+++ Recorded information +++
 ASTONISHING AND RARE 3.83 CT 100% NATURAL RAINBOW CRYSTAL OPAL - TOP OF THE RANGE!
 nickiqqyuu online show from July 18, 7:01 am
+++
+++ Recorded information +++
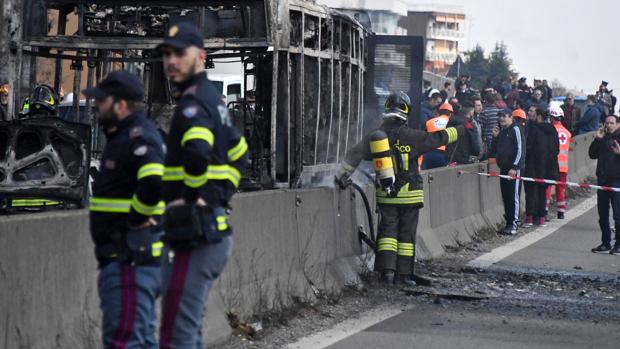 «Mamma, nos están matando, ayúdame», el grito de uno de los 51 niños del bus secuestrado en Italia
+++
• _Task statement_
One stretch of the lines above is wanted, from the line that contains "ASTONISHING AND RARE" through the line that contains "nickiqqyuu online show from July 18, 7:01 am". Output it exactly.

• _Solution to this problem_
 ASTONISHING AND RARE 3.83 CT 100% NATURAL RAINBOW CRYSTAL OPAL - TOP OF THE RANGE!
 nickiqqyuu online show from July 18, 7:01 am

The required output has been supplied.